Abstract

In The Phenomenal Woman (1998), Christine Battersby purports to rethink subjectivity by shifting the focus to embodied female selves, particularly where the female body is understood in its capacity for birthing. Thus, like Irigaray, Battersby aims to reconceptualize subjectivity in terms of the fluid and heterogeneous nature of female body experience. However, Battersby is critical of Irigaray in several respects. First, she claims that Irigaray fails to move beyond the Lacanian framework which underpins her thought. Second, she suggests that Irigaray's evocation of a ‘feminine imaginary’ is utopian and sentimentalized. Finally, she invites caution at what she considers as Irigaray's downplaying of women artists’ and writers’ contributions to our understanding of birth and motherhood. This article revisits two of Luce Irigaray's most incisive challenges to traditional philosophical conceptions of subjectivity and embodiment: first, her idea of a ‘placental economy’ and, second, the ‘prenatal sojourn’ in ‘The Invisible of the Flesh’ (2004)—her response to Merleau-Ponty's ‘The Intertwining—The Chiasm’ (1968). Laura Green argues that Battersby and Irigaray coalesce around the idea of a ‘fleshy embodiment’ which is mediated by both nature and culture, and which prefigures the female body as a generative site of difference. Moreover, she reads Irigaray in light of Battersby's call for a specifically female subjectivity which evokes the ‘fleshiness’ of female embodiment.
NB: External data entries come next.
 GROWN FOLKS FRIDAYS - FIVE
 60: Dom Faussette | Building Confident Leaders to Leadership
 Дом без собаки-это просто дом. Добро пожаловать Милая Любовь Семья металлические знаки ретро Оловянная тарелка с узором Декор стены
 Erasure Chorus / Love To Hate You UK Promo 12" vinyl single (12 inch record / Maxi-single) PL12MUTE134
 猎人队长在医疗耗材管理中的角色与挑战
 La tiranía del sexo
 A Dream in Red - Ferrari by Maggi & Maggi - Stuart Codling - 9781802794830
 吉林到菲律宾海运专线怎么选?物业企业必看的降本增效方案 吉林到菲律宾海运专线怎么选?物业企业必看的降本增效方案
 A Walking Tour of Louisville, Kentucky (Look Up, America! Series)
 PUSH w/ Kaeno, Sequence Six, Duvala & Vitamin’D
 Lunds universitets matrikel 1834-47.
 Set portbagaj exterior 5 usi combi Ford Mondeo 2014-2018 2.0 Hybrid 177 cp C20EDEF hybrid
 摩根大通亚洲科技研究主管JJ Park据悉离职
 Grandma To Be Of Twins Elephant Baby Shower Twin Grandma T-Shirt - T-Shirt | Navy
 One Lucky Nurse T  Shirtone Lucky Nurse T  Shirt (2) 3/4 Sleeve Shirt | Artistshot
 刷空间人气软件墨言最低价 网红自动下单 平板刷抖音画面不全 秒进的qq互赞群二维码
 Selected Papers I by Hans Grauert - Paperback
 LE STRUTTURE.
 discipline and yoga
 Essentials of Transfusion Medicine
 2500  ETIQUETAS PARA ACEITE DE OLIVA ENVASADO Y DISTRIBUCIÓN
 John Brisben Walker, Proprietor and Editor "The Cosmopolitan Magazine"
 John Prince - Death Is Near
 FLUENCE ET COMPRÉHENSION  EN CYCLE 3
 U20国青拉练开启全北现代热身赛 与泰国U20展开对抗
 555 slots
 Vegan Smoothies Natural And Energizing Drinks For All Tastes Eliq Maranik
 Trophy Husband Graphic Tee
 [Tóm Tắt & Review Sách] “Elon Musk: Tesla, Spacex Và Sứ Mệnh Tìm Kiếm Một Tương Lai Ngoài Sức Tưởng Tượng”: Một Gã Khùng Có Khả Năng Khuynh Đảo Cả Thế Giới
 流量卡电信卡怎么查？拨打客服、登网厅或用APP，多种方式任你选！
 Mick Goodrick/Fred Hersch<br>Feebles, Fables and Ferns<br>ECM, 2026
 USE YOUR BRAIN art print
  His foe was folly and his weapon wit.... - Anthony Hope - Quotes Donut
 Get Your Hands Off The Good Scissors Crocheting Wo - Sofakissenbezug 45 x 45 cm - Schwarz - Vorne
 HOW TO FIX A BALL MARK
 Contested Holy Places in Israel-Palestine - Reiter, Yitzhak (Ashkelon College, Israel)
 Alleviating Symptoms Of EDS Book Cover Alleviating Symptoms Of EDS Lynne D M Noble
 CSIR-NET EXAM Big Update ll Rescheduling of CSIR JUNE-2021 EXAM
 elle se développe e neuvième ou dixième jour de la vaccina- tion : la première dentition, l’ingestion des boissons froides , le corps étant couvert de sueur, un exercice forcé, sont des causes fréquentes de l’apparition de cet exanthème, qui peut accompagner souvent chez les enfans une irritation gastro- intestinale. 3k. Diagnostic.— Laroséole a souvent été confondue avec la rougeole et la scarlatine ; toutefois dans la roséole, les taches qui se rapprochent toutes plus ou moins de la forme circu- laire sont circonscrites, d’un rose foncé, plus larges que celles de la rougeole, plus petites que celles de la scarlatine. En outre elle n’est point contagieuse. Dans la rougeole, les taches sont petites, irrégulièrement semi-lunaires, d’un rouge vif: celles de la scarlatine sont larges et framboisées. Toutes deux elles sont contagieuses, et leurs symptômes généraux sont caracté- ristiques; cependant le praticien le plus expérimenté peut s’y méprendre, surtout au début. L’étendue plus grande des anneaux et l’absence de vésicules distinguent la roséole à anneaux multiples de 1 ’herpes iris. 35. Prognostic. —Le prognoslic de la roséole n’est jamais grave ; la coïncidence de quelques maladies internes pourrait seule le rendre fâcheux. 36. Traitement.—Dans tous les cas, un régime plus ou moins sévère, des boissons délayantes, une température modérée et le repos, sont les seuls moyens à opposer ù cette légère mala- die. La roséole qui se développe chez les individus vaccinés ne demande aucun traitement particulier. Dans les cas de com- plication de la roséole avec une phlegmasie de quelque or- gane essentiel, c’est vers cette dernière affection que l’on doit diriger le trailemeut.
Battersby's interest in art complements Irigaray's own project by extending the ‘symbolic’ to encompass women's creative and reproductive potentialities. Green argues, however, that Battersby is too quick to reject Irigaray on the basis of her Lacanian/Heideggerian reading of western philosophy. On the contrary, it is suggested that Irigaray's early thought provides a comprehensive framework for describing the relationship between ‘self’ and ‘other’, one that implies layers of interdependence and respect for difference, but which also resists ‘sentimentalizing’ and abstracting the ‘other’.